• Problem to work on: Aim for an exact copy of the listing, without any images.

• Extracted material:
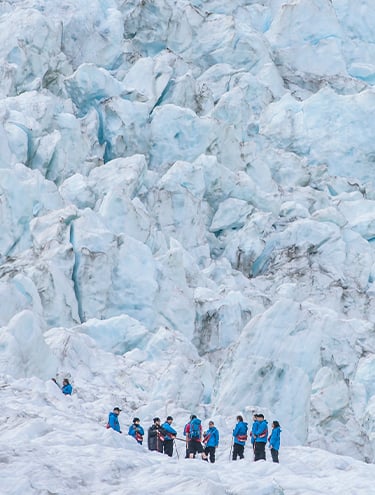 GO Rentals Road Trip Itinerary: Franz Josef to Queenstown Drive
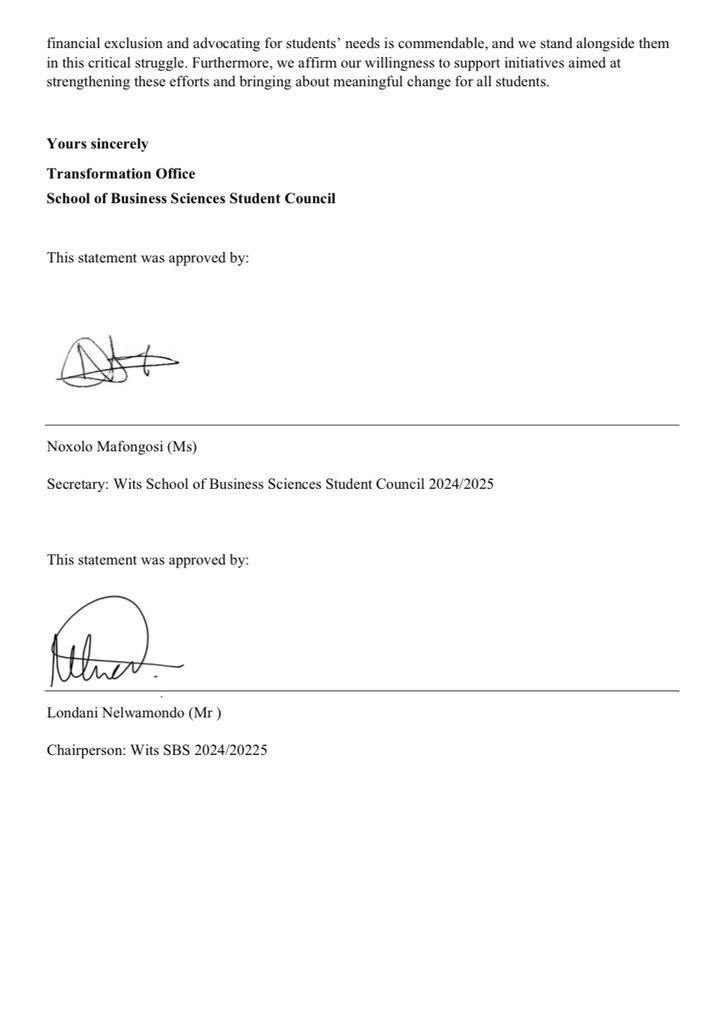 Attention SBS Students!📢📢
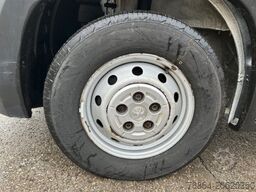 PEUGEOT BOXER KASTENWAGEN L4H2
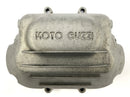 Moto Guzzi v 1000 VG [1980] - Tapa de válvula a la derecha-1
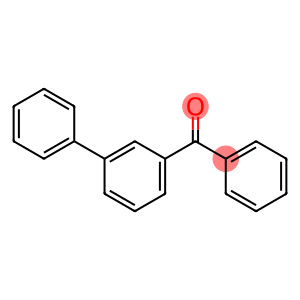 BIPHENYL-3-YL(PHENYL)METHANONE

• Solution to this exercise:
 GO Rentals Road Trip Itinerary: Franz Josef to Queenstown Drive
 Attention SBS Students!📢📢
 PEUGEOT BOXER KASTENWAGEN L4H2
 Moto Guzzi v 1000 VG [1980] - Tapa de válvula a la derecha-1
 BIPHENYL-3-YL(PHENYL)METHANONE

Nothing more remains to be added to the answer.